WHAT TO PRODUCE:
Copy exactly and only the lines running from the one that contains "2024 Audi Q3" to the final line of the data below, without the pictures.

DATA EXCERPT:
· · · · ·

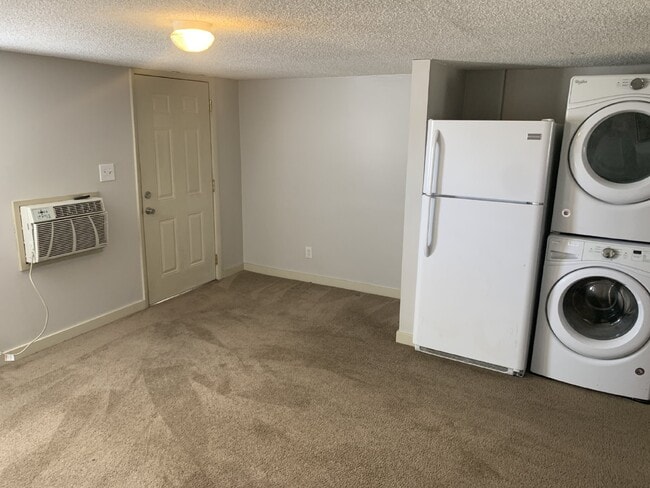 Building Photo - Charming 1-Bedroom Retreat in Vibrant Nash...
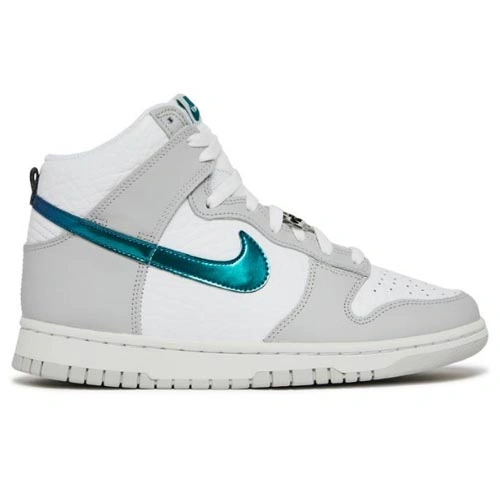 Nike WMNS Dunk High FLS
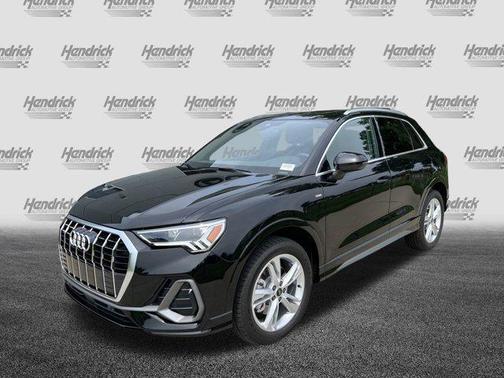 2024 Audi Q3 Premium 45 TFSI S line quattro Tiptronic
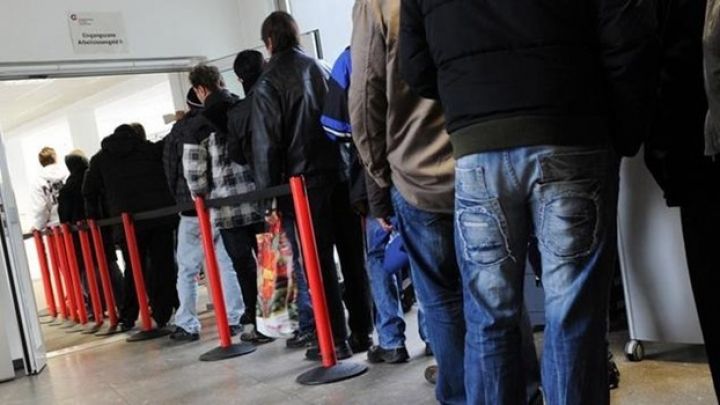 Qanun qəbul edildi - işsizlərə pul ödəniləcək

· · · · ·

COMPLETED EXERCISE:
 2024 Audi Q3 Premium 45 TFSI S line quattro Tiptronic
 Qanun qəbul edildi - işsizlərə pul ödəniləcək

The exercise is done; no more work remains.